Only partially successful, Flowers proposed the design for a new machine that would become known as Colossus, the world’s first programmable electronic computer. Management at Bletchley Park was sceptical and encouraged Flowers to continue alone rather than prioritising the project. He did so at the Post Office Research Labs, and his team at Dollis Hill built the first machine in eleven months. It was immediately dubbed ‘Colossus’ by the Bletchley Park staff for its immense proportions. The Mark 1 Colossus operated five times faster and was more flexible than the Heath Robinson, which used electro-mechanical switches.

 

Colossus

The first Mark 1 Colossus, used 1500 valves and ran at Dollis Hill in November 1943; it was delivered to Bletchley Park in January 1944 where it was assembled and began operation in early February. Colossus proved to be efficient and quick against the twelve-rotor Lorenz cipher machine.
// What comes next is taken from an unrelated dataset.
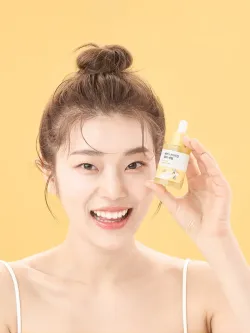 ROUND LAB Сыворотка против пигментации с ниацинамидом Vita Niacinamide Dark Spot Serum (30 мл)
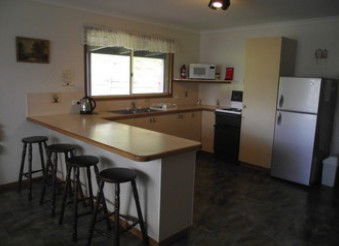 Ty-ar-y-bryn - Holiday Home - Accommodation Mount Tamborine 3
A Mark II redesign of Colossus entered service on 1 June 1944 and immediately provided vital intelligence regarding the D-Day landings, such as the disposition of German troops in Normandy. The machines continued providing vital intelligence until the end of the war. Ten units were operational during World War II. All but two were dismantled after the war. This last pair provided code breaking services during the Cold War before finally being decommissioned in 1959 and 1960.